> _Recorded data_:
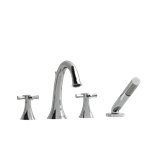 Riobel Edge ED12 4-piece deck-mount tub filler with hand shower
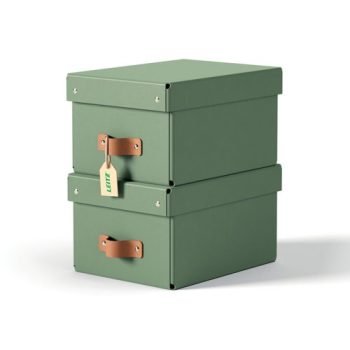 Leitz Puro Storage Box with Lid Small 7L Green 100% Recycled Card Pack of 2 - 61470050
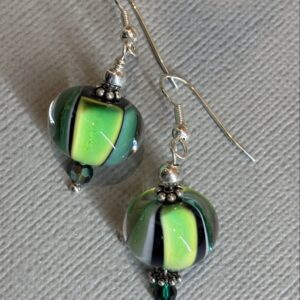 Product Image for  Green Stripe Earrings, Glass, Cyndi Ernst, CE1245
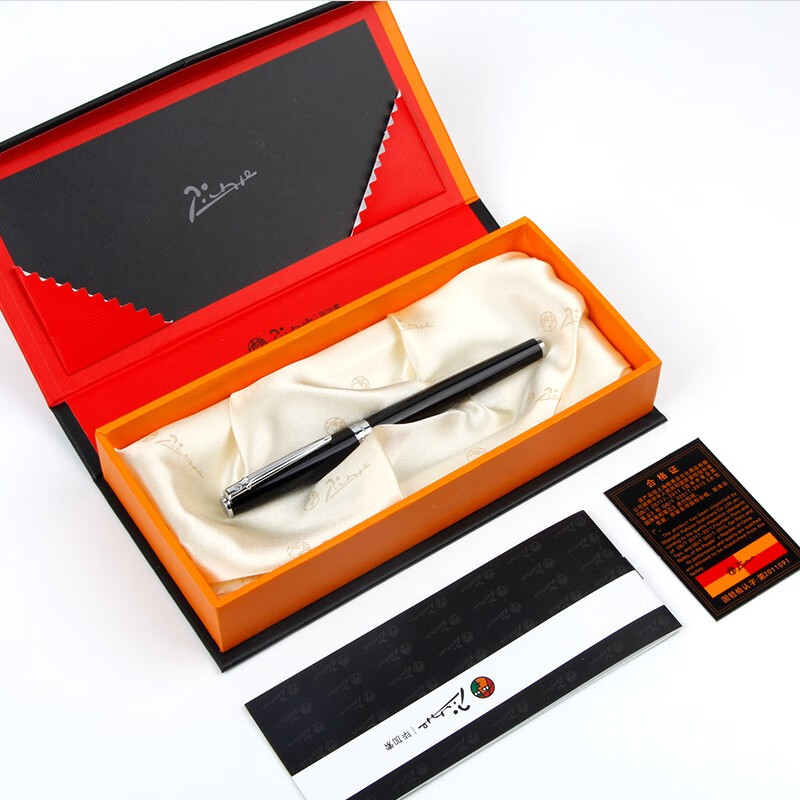 毕加索(Pimio)钢笔717曼陀林系列财务钢笔弯尖书法练字美工笔男女士商务礼盒办公签名笔节日礼品免费刻字 亮黑银夹 明尖/直尖钢笔【0.5mm】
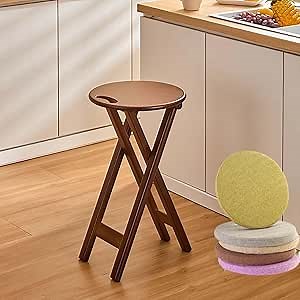 Folding Bar Stool 24.8 Inches Foldable Kitchen Bar Stool for Adults Counter Height Barstools Backless Folding High Stools for Outdoor Kitchen Island with Handle and Chair Cushion (1)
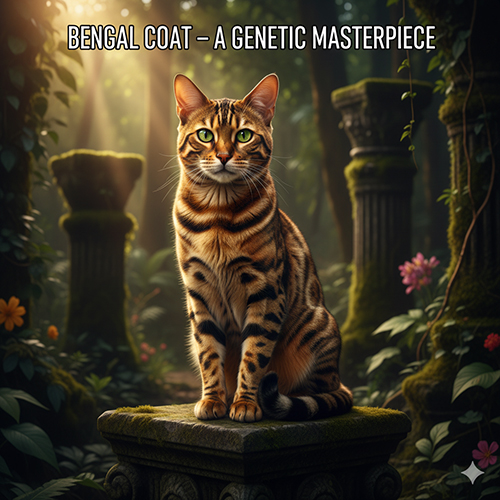 Mèo Bengal lông nâu rosetted ngồi giữa rừng xanh, ánh nắng chiếu qua tán lá, thể hiện vẻ đẹp di truyền hoang dã.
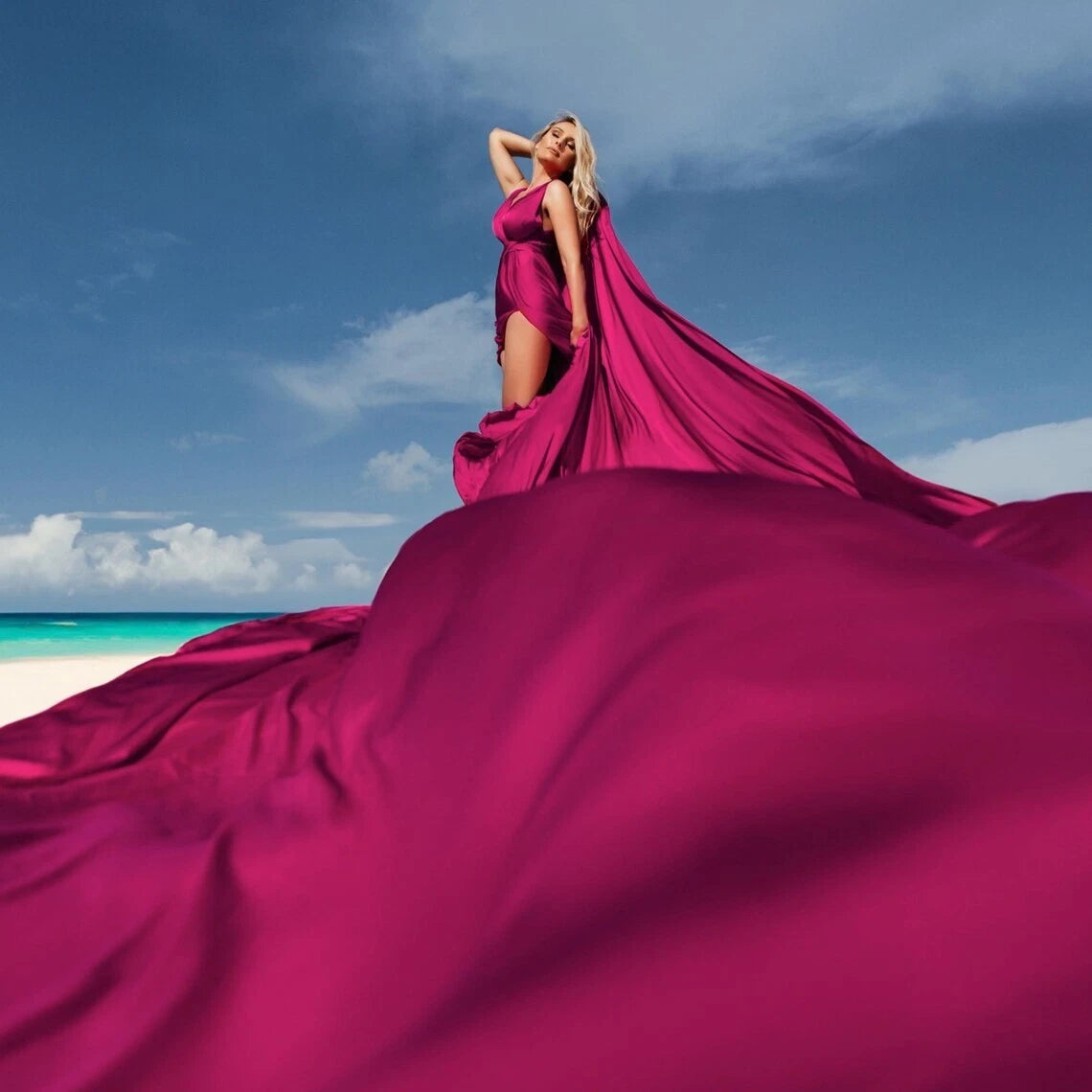 Long Flying Dress for Photoshoot in Any Size - Santorini Flying Dress - Pink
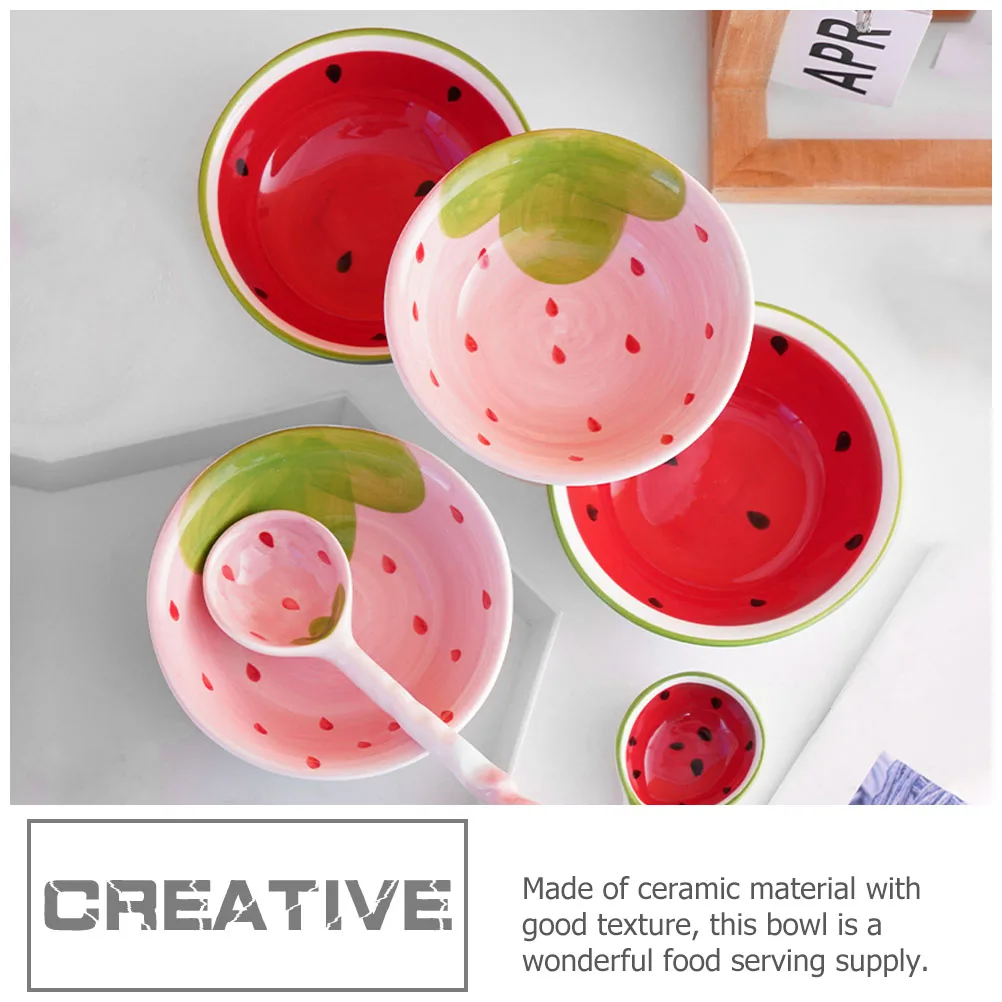 

1Set Ceramic Soup Bowl Spoon Kit Creative Fruit Printed Design Watermelon Pattern Food Serving Kitchen Utensil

> _REQUIREMENT_: Copy the lines starting at the line that contains "Folding Bar Stool" and running to the final line of the entries, inclusive; omit all pictures.

> _EXPECTED ANSWER_:
 Folding Bar Stool 24.8 Inches Foldable Kitchen Bar Stool for Adults Counter Height Barstools Backless Folding High Stools for Outdoor Kitchen Island with Handle and Chair Cushion (1)
 Mèo Bengal lông nâu rosetted ngồi giữa rừng xanh, ánh nắng chiếu qua tán lá, thể hiện vẻ đẹp di truyền hoang dã.
 Long Flying Dress for Photoshoot in Any Size - Santorini Flying Dress - Pink

1Set Ceramic Soup Bowl Spoon Kit Creative Fruit Printed Design Watermelon Pattern Food Serving Kitchen Utensil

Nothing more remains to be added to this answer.